* [YOUR INSTRUCTIONS]:
In the material below, begin at the line that has "Eklenti Bilgisi iletişim", stop after the line that has "That is how", and transcribe those lines exactly, without pictures.

* [GIVEN INFORMATION]:
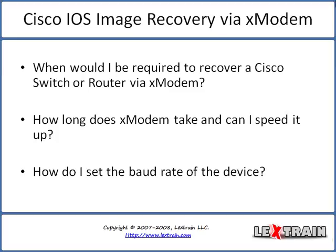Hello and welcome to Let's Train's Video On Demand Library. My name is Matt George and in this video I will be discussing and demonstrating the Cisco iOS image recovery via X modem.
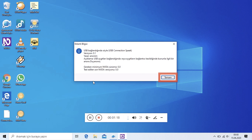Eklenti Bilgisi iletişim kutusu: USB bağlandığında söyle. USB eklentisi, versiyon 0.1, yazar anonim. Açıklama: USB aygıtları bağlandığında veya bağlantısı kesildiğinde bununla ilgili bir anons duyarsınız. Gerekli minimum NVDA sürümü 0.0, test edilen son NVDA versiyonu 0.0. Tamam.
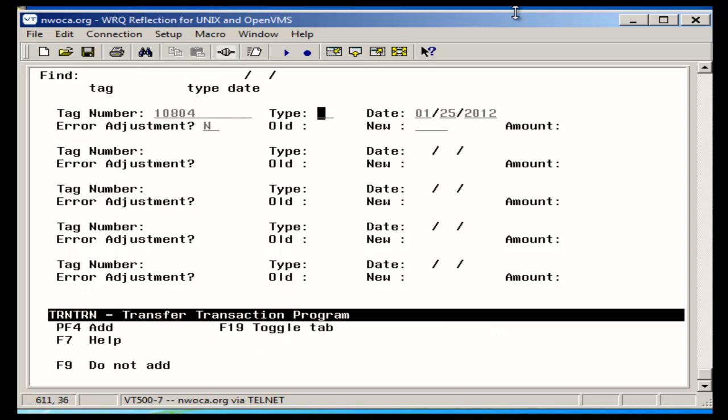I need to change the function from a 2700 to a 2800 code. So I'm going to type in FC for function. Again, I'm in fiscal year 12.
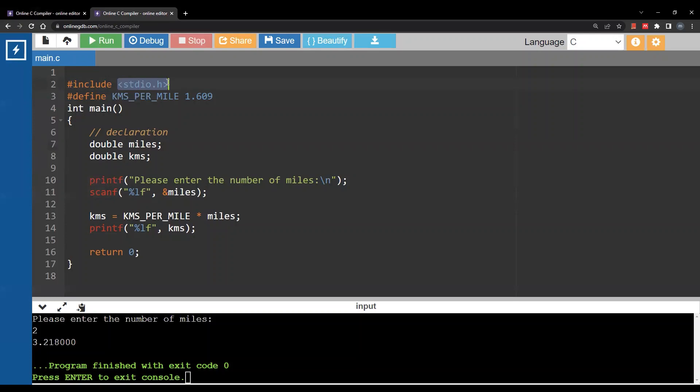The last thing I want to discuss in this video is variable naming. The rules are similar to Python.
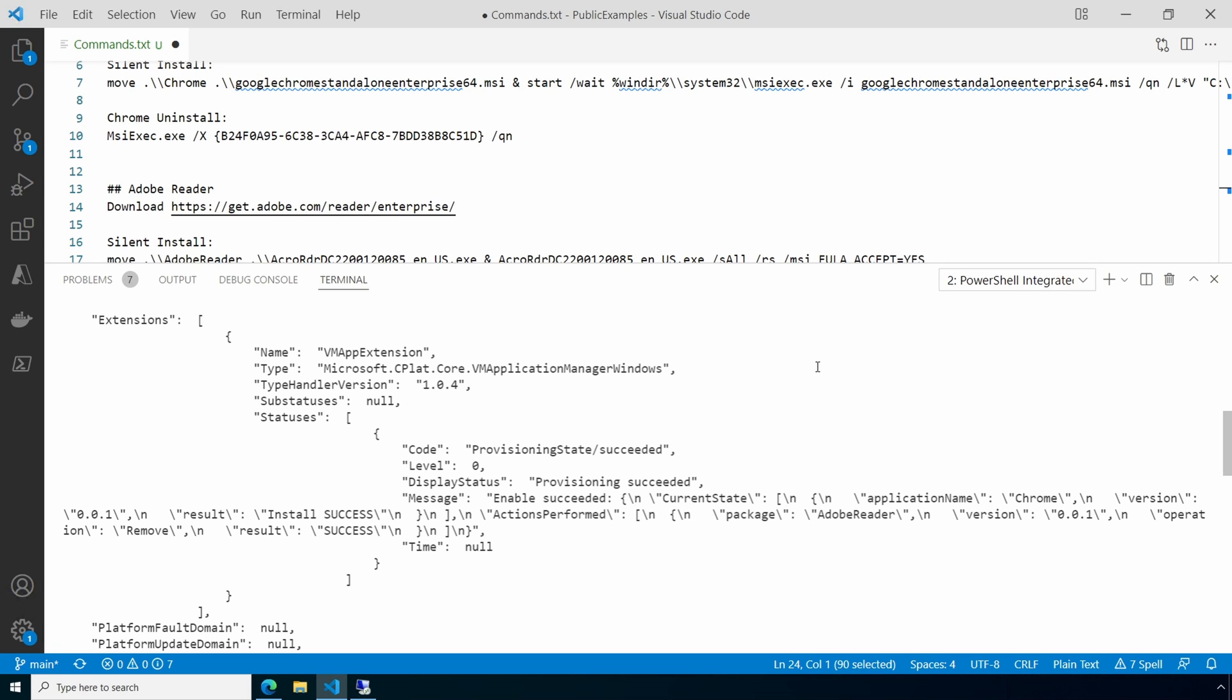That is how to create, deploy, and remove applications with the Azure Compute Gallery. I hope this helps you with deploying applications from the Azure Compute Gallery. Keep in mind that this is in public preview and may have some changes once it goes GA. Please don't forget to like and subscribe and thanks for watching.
---
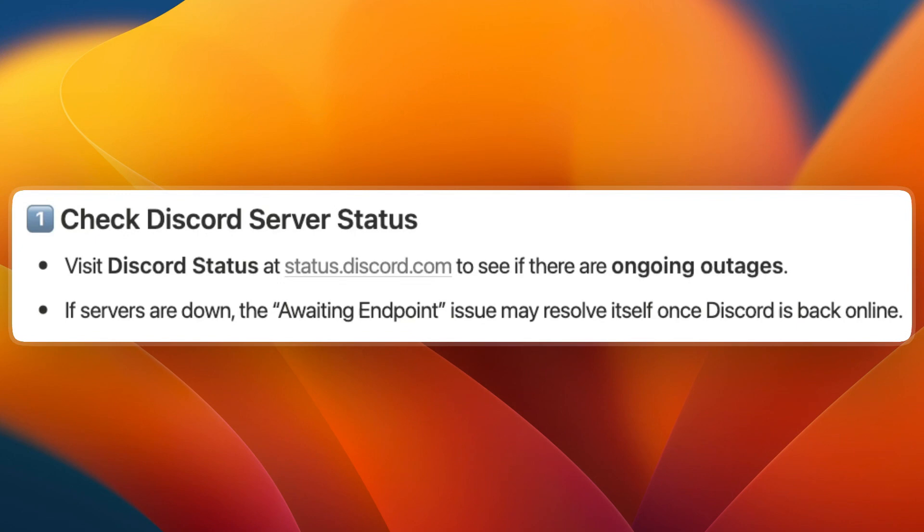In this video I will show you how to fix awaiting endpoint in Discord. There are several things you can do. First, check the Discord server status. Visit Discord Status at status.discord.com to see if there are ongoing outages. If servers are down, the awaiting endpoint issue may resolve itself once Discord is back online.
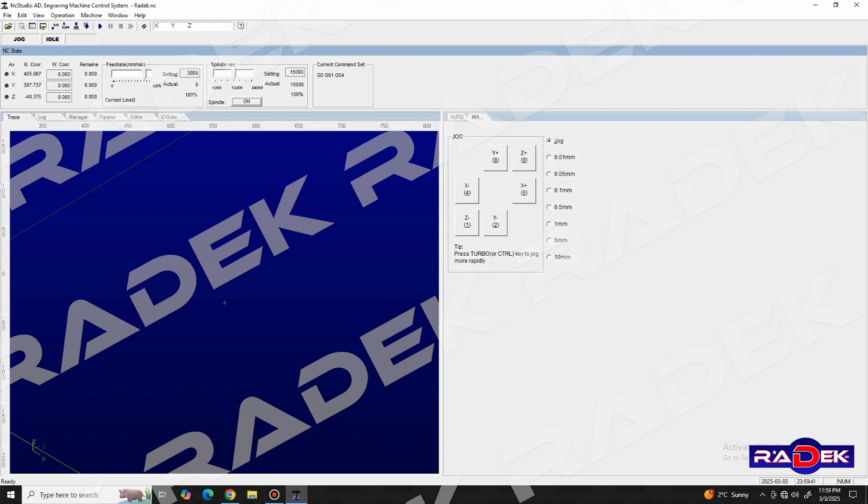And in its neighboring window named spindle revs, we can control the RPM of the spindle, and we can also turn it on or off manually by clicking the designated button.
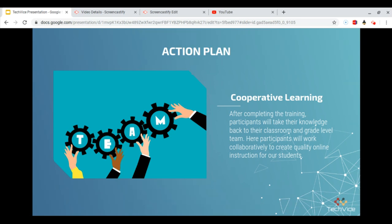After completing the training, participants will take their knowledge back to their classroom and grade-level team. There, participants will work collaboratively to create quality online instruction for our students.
* * *
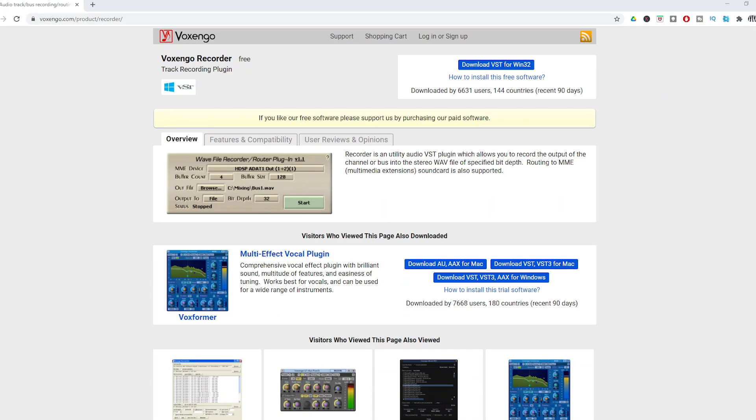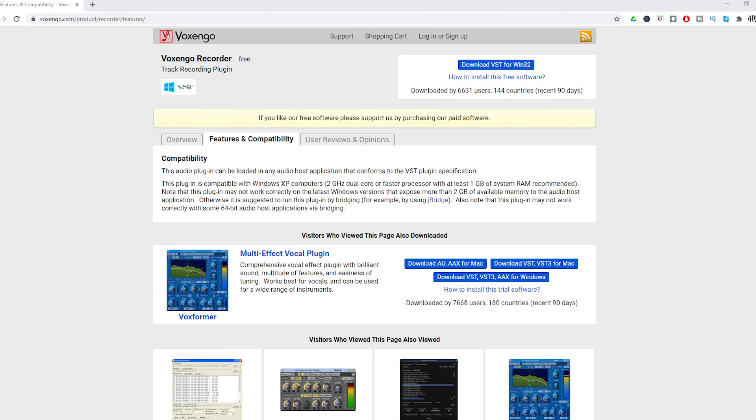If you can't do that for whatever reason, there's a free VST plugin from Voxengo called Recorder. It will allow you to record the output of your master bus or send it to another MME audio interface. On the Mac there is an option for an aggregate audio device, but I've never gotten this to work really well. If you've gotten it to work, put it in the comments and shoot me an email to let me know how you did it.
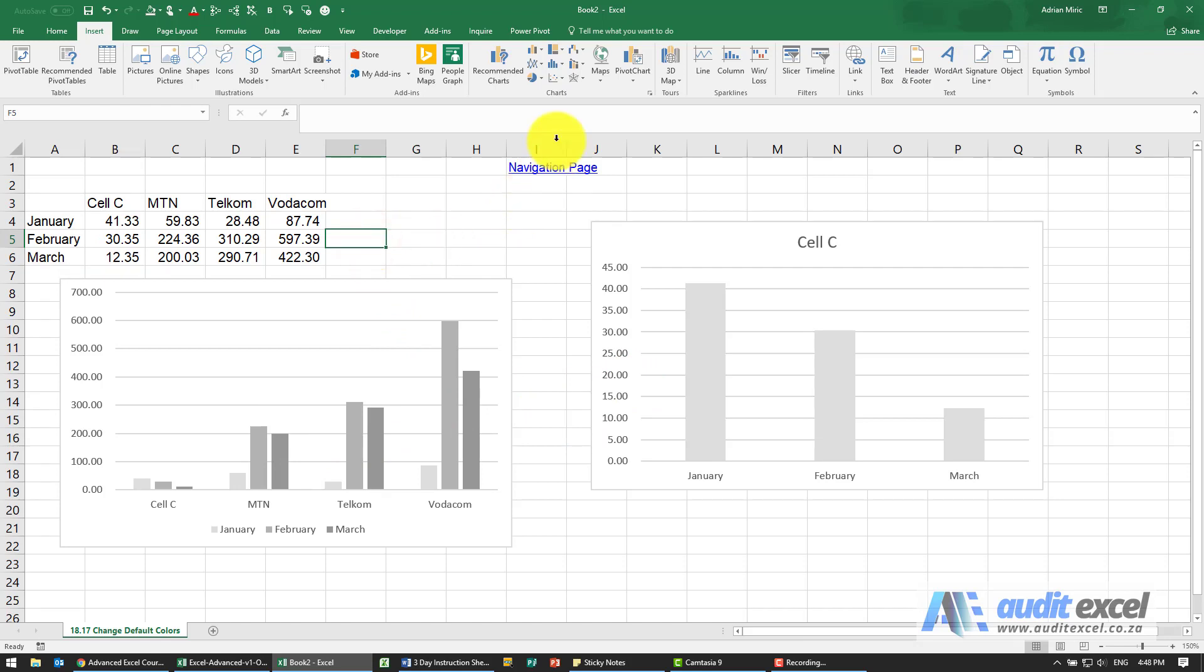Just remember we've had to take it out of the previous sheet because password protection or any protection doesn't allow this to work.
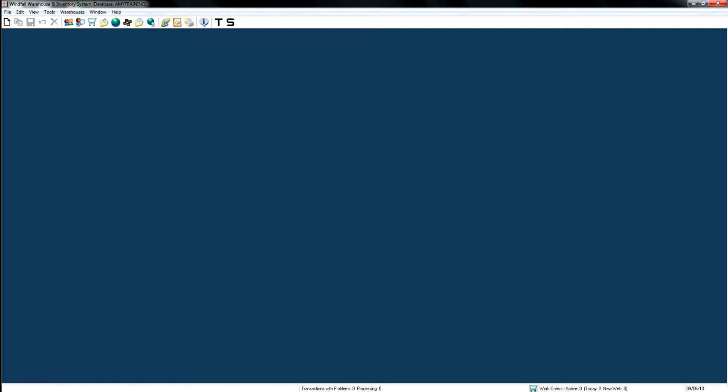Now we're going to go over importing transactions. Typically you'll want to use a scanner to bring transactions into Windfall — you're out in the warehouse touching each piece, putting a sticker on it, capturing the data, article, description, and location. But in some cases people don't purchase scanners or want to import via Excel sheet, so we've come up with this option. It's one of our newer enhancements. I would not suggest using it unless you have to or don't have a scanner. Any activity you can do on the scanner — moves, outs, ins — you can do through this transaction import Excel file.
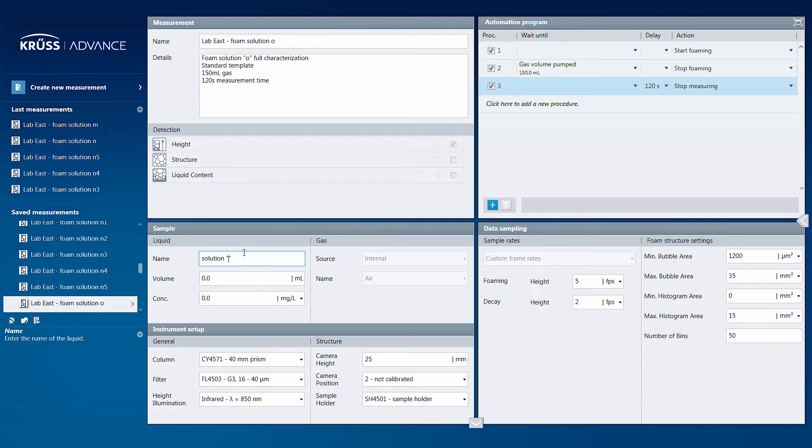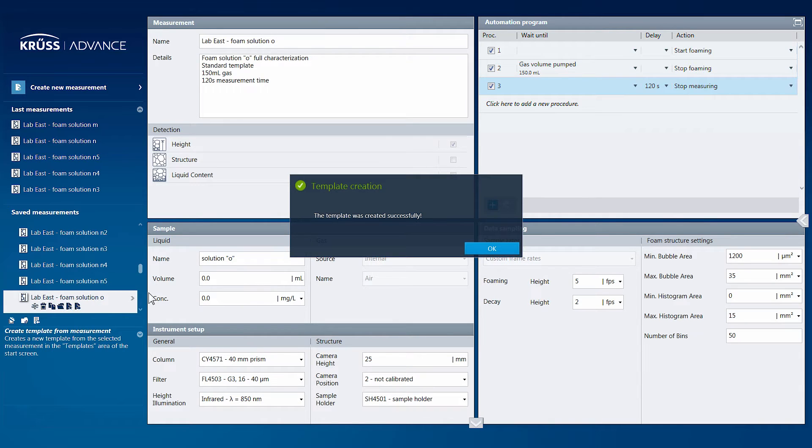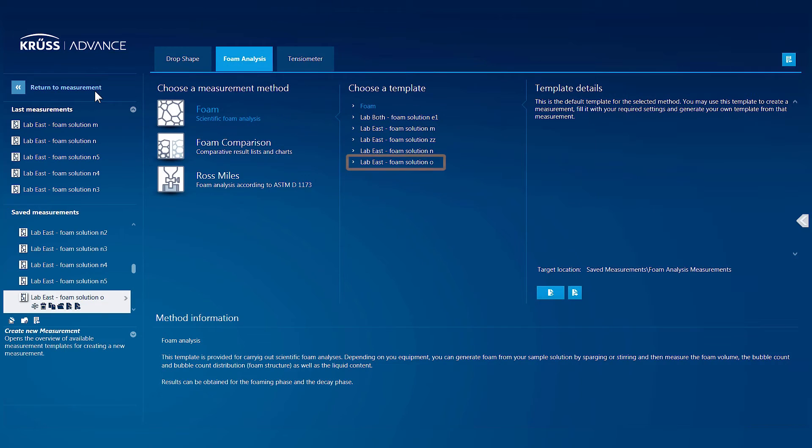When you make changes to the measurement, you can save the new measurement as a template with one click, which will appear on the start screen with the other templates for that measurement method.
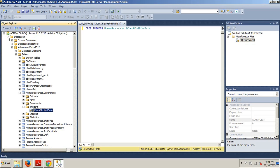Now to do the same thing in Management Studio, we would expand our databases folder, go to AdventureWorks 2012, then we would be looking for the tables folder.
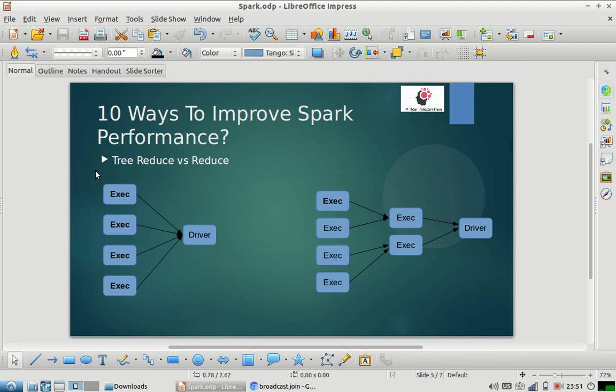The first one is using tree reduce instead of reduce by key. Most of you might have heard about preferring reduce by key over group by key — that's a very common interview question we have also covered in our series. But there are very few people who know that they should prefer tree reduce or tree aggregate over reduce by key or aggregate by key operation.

* [EXPECTED ANSWER]:
Eklenti Bilgisi iletişim kutusu: USB bağlandığında söyle. USB eklentisi, versiyon 0.1, yazar anonim. Açıklama: USB aygıtları bağlandığında veya bağlantısı kesildiğinde bununla ilgili bir anons duyarsınız. Gerekli minimum NVDA sürümü 0.0, test edilen son NVDA versiyonu 0.0. Tamam.
I need to change the function from a 2700 to a 2800 code. So I'm going to type in FC for function. Again, I'm in fiscal year 12.
The last thing I want to discuss in this video is variable naming. The rules are similar to Python.
That is how to create, deploy, and remove applications with the Azure Compute Gallery. I hope this helps you with deploying applications from the Azure Compute Gallery. Keep in mind that this is in public preview and may have some changes once it goes GA. Please don't forget to like and subscribe and thanks for watching.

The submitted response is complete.